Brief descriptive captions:
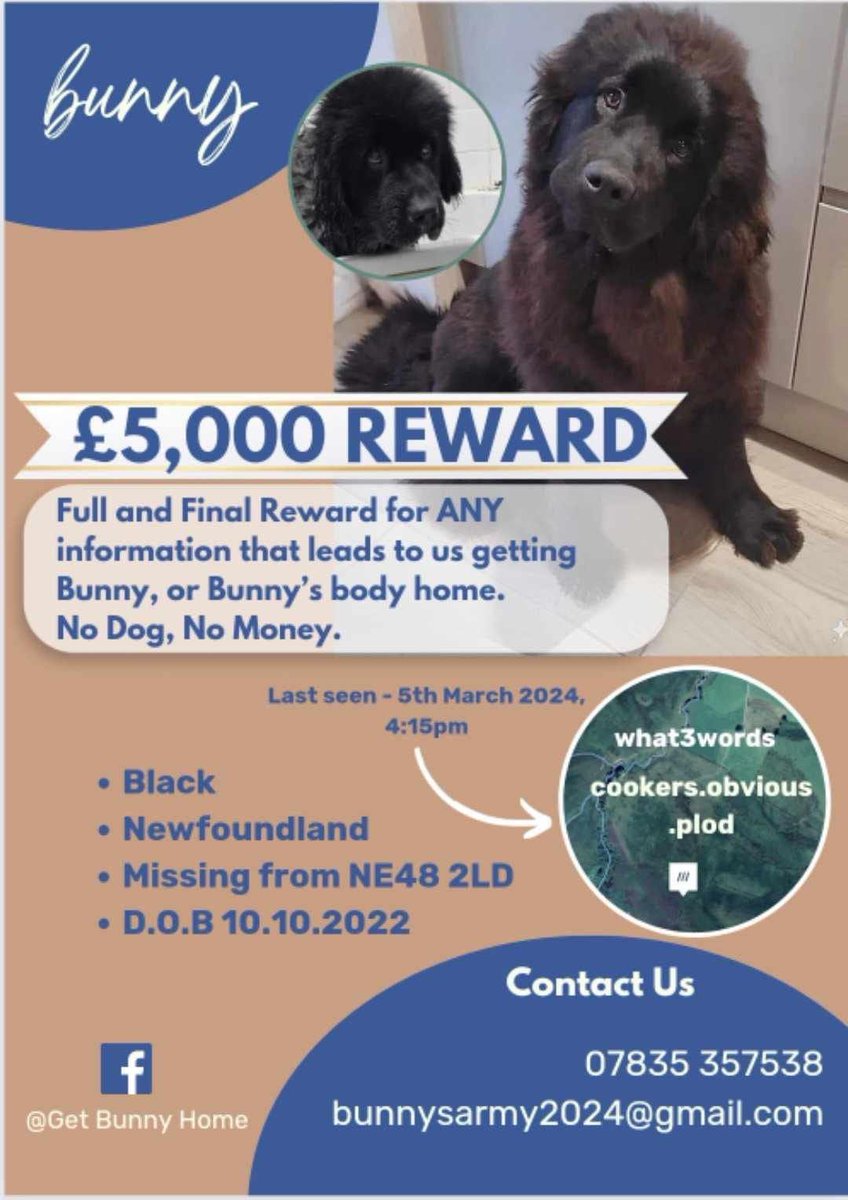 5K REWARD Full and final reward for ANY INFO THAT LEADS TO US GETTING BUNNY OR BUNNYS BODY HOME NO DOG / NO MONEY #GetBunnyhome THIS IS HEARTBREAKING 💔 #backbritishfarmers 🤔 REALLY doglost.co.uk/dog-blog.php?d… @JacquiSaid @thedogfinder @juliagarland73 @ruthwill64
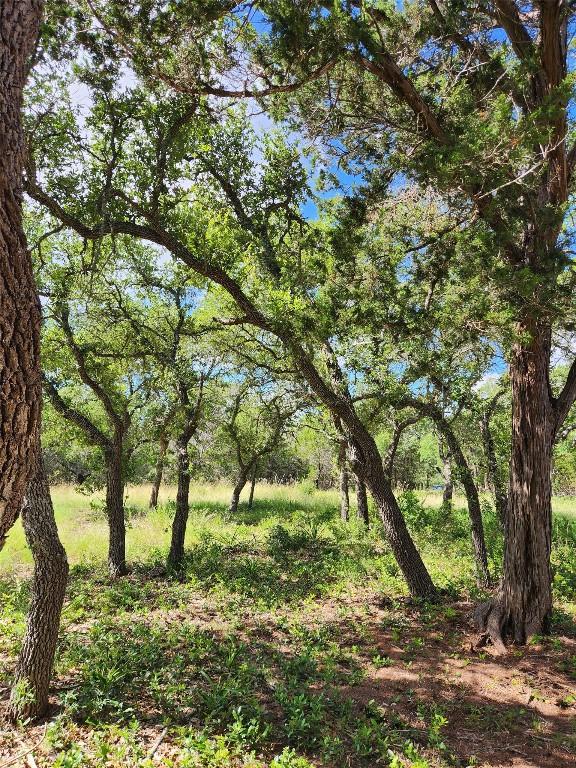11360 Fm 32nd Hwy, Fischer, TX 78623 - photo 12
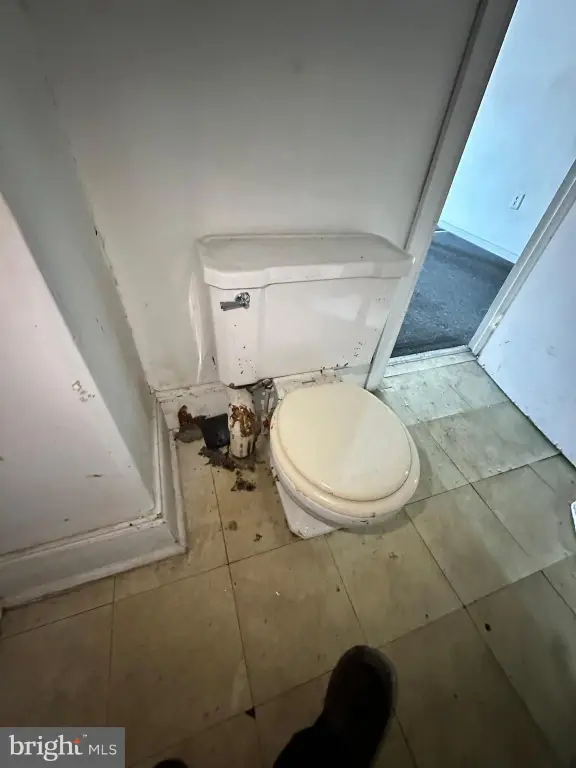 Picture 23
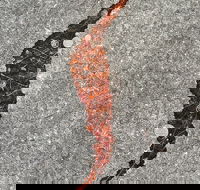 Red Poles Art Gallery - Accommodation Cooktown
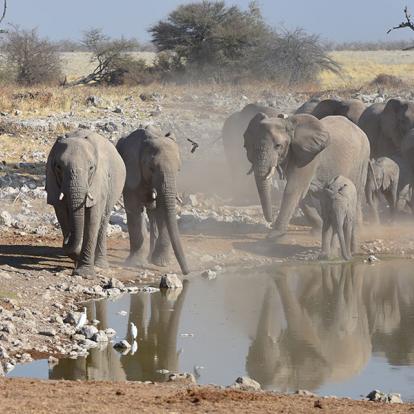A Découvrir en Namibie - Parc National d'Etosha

*Work request*
In your copy, restate the data above word for word but leave out any picture.

*Result*
 5K REWARD Full and final reward for ANY INFO THAT LEADS TO US GETTING BUNNY OR BUNNYS BODY HOME NO DOG / NO MONEY #GetBunnyhome THIS IS HEARTBREAKING 💔 #backbritishfarmers 🤔 REALLY doglost.co.uk/dog-blog.php?d… @JacquiSaid @thedogfinder @juliagarland73 @ruthwill64
11360 Fm 32nd Hwy, Fischer, TX 78623 - photo 12
 Picture 23
 Red Poles Art Gallery - Accommodation Cooktown
A Découvrir en Namibie - Parc National d'Etosha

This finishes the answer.